Care should be taken with the priority values since the possibility of a deadlock exists. For example in the case of a 3-input matrix arbiter with \(P[0,1] = P[1,2] = P[2,0] = 1\) a circular priority dependency is produced, which blocks the arbiter from producing any grant.

4.3.1 Priority Update Policies

Based on the 2D organization of the priority state, we can derive multiple arbitration policies. The differentiating factor between the possible arbitration policies is on how the priority matrix is updated for the next arbitration round. The arbitration logic remains exactly the same in all cases.

  • Least recently granted: Once the ith request is granted, its priority is updated and set to be the lowest among all requestors. This is performed at first by clearing all bits of the ith row, e.g., setting P[i, ∗] to 0, and secondly by setting the bits of the ith column, e.g., P[∗, i] = 1, so that all other requests will have higher priority over request i.

  • Most recently granted: Once the ith request is granted, its priority is updated and set to be the highest among all requestors. This is performed at first by setting all bits of the ith row, e.g., setting P[i, ∗] to 1, and secondly by clearing the bits of the ith column, e.g., P[∗, i] = 0, so that all other requests will have lower priority over request i.

  • Incremental Round robin: Under round-robin policy the request that has been granted in the current arbitration cycle should receive the lowest priority in the next cycle. With 1D priority state this is performed in a relatively easy way but becomes very complex in 2D priority representation. Round-robin like operation (or incremental round-robin) proposed in Satpathy et al. (2012) can be achieved by downgrading the position with the highest priority irrespective if it received a grant or not. The input with the highest priority can be identified by a logical AND operation of all the per-row priority bits. The input that has all the priority bits asserted, i.e., P[i, ∗] = 1, receives the lowest priority for the next arbitration round: P[i, ∗] = 0 and P[∗, i] = 1. With this update the priority of all other inputs is upgraded by exactly one level.

  • Hybrid First-Come First Served and Least Recently Used: This priority update policy, proposed in Boucard and Montperrus (2009) tries to combine the benefits of the first-come-first-served and least-recently-used priority-update policies.
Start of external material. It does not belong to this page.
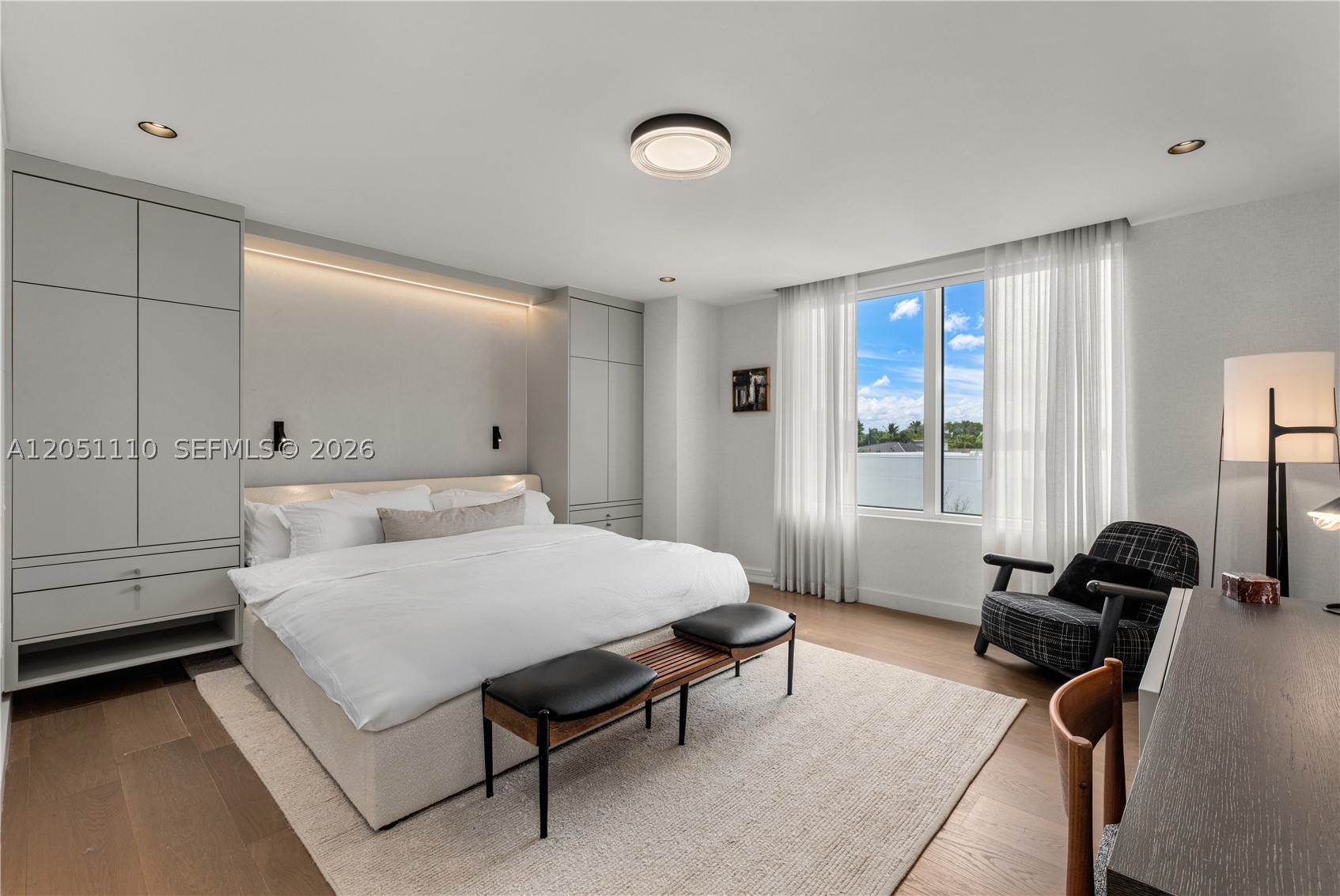 4701 N Meridian Ave #421, Miami Beach FL 33140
When a new request arrives at input i and there is no new request at input j, then P[i, j] = 1. An input is considered to have a new request, when the request signal changes from 0 to 1 (the detection of this change requires an edge detector with one extra flip-flop for each request line). If the new request from input i is not granted in this cycle, the request is not considered new any more. When, both inputs i and j receive a new request in the same cycle then their relative priority P[i, j] does not change and keeps its old value. At the same time, when the request of an input i is granted in the previous cycle it receives the lowest request in this cycle P[i, j] = 0 and P[j, i] = 1.

Any other priority update policy can be derived by changing the priority matrix taking possibly into account its current state and the status of the grant signals as depicted in Fig. 4.1.

4.4 Take-Away Points

The arbiter is responsible for resolving any conflicting requests for the same resource and it should guarantee that this resource is allocated fairly to the contenders. The fair allocation of the resources dictates that the arbiter should be able to change dynamically the priority of the inputs and grant in each arbitration round the one with the highest priority. Round-robin arbiters as well as arbiter that store the relative priorities of the inputs in a 2D priority matrix are designed leading to high-speed logic-level implementations.